Entwässerungsgräben in der Eilenriede

Zu dieser Verschlechterung haben, neben großräumiger Veränderungen der Grund­was­ser­verhältnisse, die Gräben in der südlichen Eilenriede beigetragen. In der Vergangenheit ist ein durchgehendes Grabensystem vom Gebiet westlich des Kirchröder Turms in Richtung Pferde­turm angelegt worden.
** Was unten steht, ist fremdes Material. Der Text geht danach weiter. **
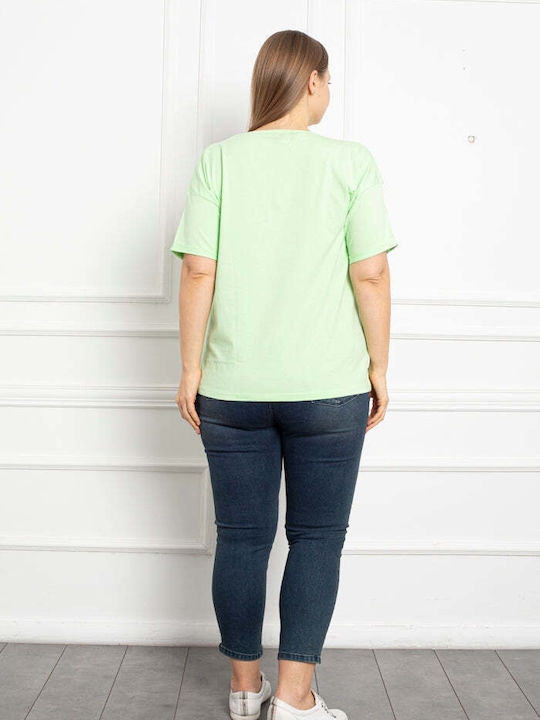 Bubble Chic Women's Summer Blouse Cotton Short Sleeve Green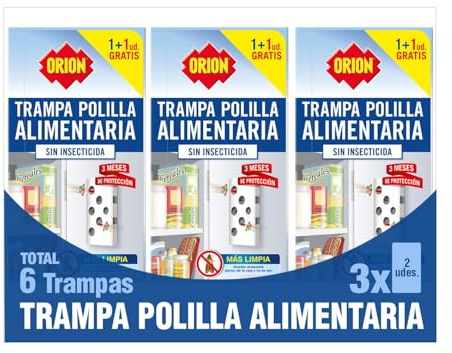Orion - Matmalfälla - för kök och skafferi, 6-pack fällor | Fälla utan insekticider, utan att se eller röra vid insekter, mot mat och mjöl, skåp och skafferi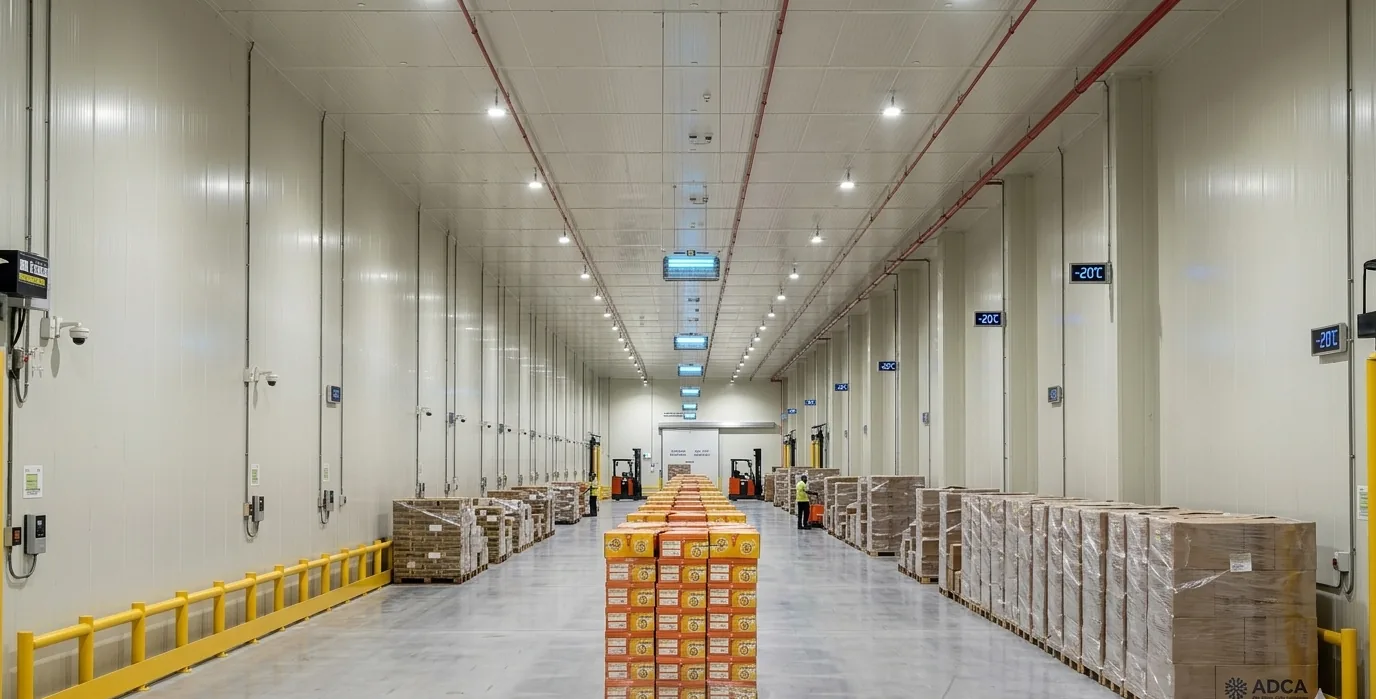 Cold storage warehouse fit-out with insulated panels, pallet storage and temperature displays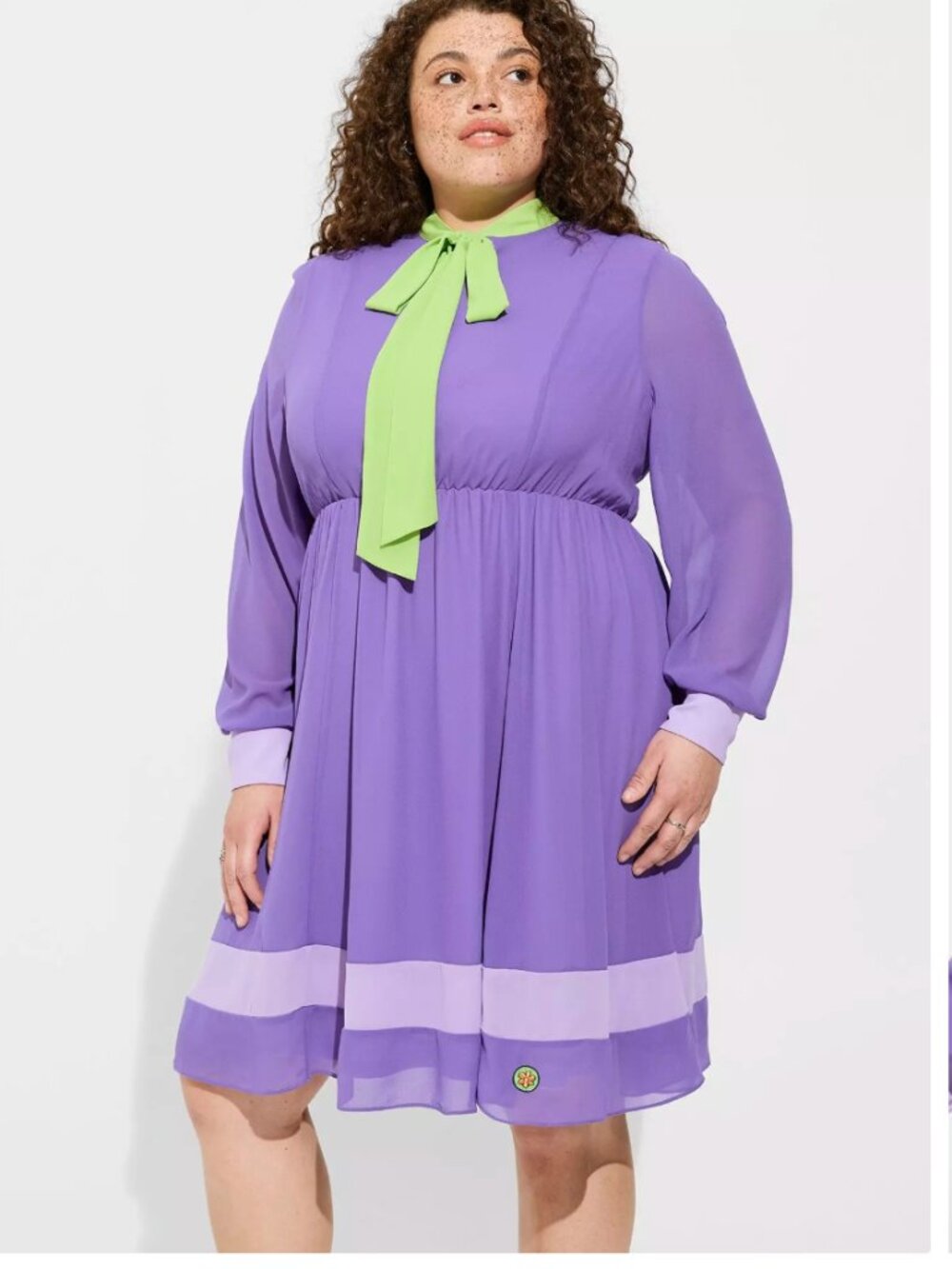 NWT Torrid Scooby-Doo Daphne Cosplay Dress Size 1 Fit & Flare Chiffon Halloween
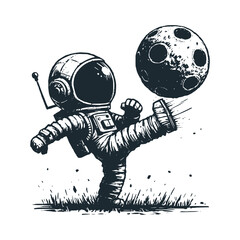 Cute astronaut kick a moon . Black white vector. Icon and logo illustration. © Maryoto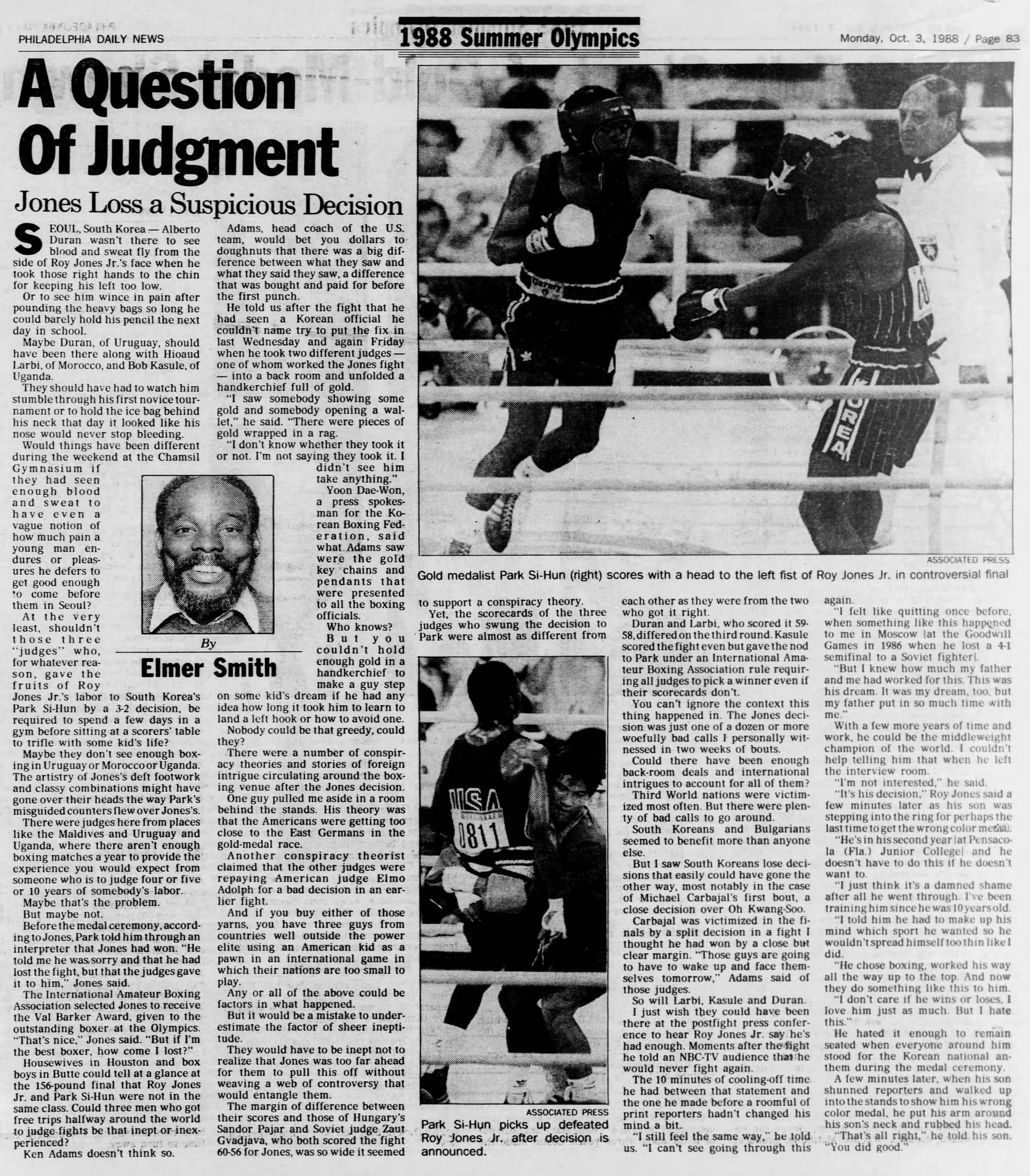 The Philadelphia Daily News, Oct. 3, 1988 — where Jones first said that Park had apologized to him. The lower photo is Park picking Jones up off the canvas after the decision.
Diese Gräben, die, bis auf einen selten wirksamen Überlauf in den Landwehrgraben im Süden, keine Verbindung zu Vorflutern haben, führen praktisch dazu, dass bei hohen Wasserständen vor allem im Winter und Frühjahr das Wasser aus den Nasswaldflächen in den Inselgraben im tiefer gelegenen Westen der südlichen Eilenriede geleitet wird, wo es versickert. Das Ergebnis ist eine Beseitigung von Standortunterschieden, die aber gerade die Vielfalt und den Wert des Waldes ausmachen. Im Osten gehen nasse Standortverhältnisse verloren; im Westen sind dagegen die Grund­wasser­flurabstände so hoch, dass keine oberflächennah vernässten Standorte entstehen können.

Seit langem hatte die BUND-Kreisgruppe deshalb vorgeschlagen, dieses innere Entwässerungssystem der südlichen Eilenriede durch Staumaßnahmen außer Funktion zu setzen. Gefördert wurde unser Anliegen noch durch die Zertifizierung des hannoverschen Stadtwaldes, denn die Richtlinien für nachhaltige Forstwirtschaft der Organisation FSC verbieten die Anlage und Unterhaltung von Gräben zur Flächenentwässerung. Seit 2002 nahm die Stadtverwaltung unsere Anregung auf und baute in den folgenden Jahren einige Staue.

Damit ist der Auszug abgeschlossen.